Brief: Copy the following data exactly and drop the pictures.

Source data:

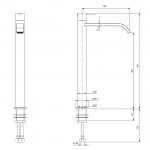 NIC Design Solo Bateria umywalkowa jednootworowa wysoka Chrom NC.SO0018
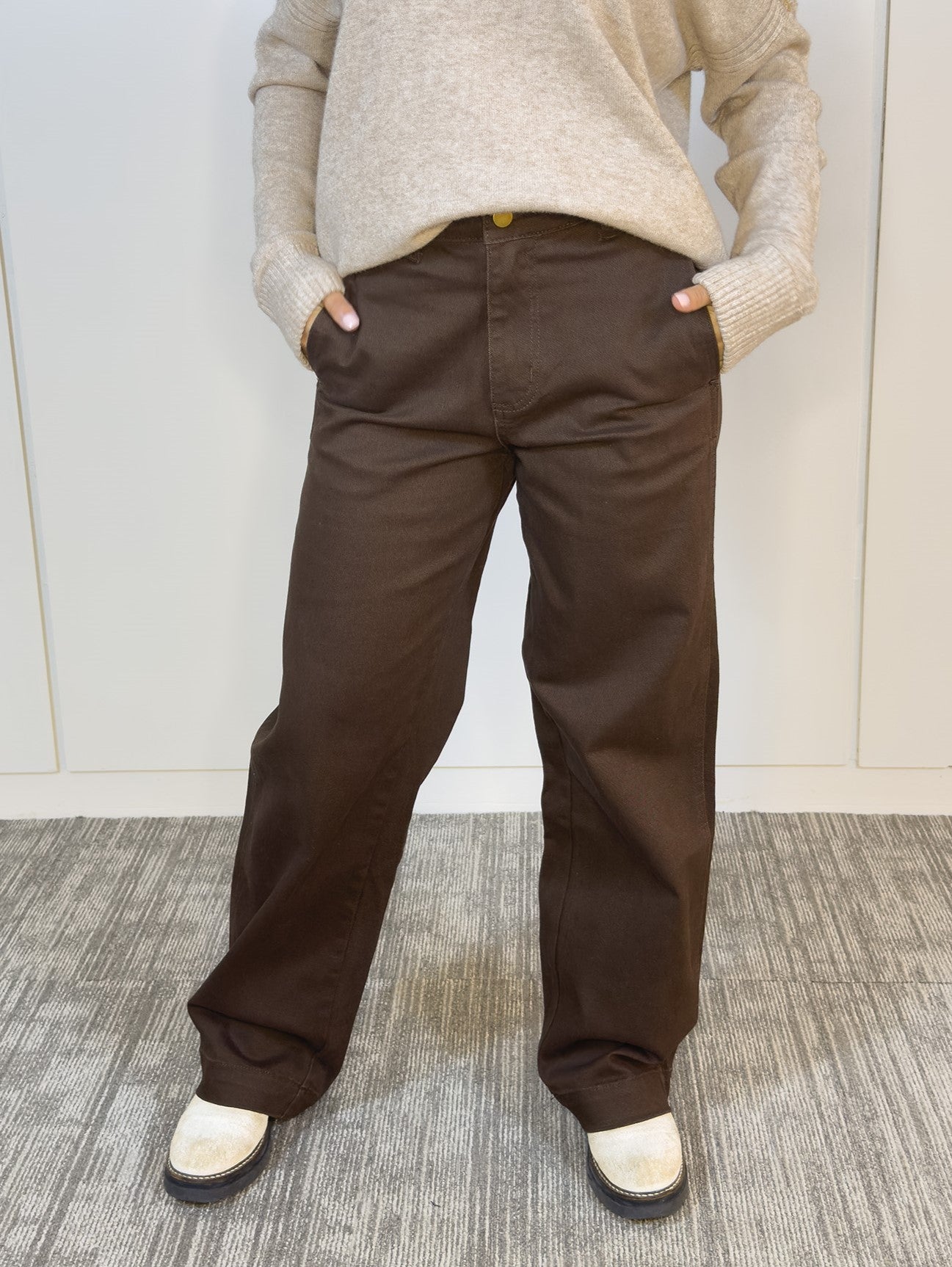 Viviana Méndez - Pantalón Terra Marrón - Pantalones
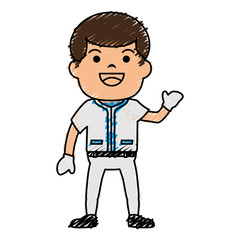 baseball player avatar character vector illustration design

Answer box:
 NIC Design Solo Bateria umywalkowa jednootworowa wysoka Chrom NC.SO0018
 Viviana Méndez - Pantalón Terra Marrón - Pantalones
 baseball player avatar character vector illustration design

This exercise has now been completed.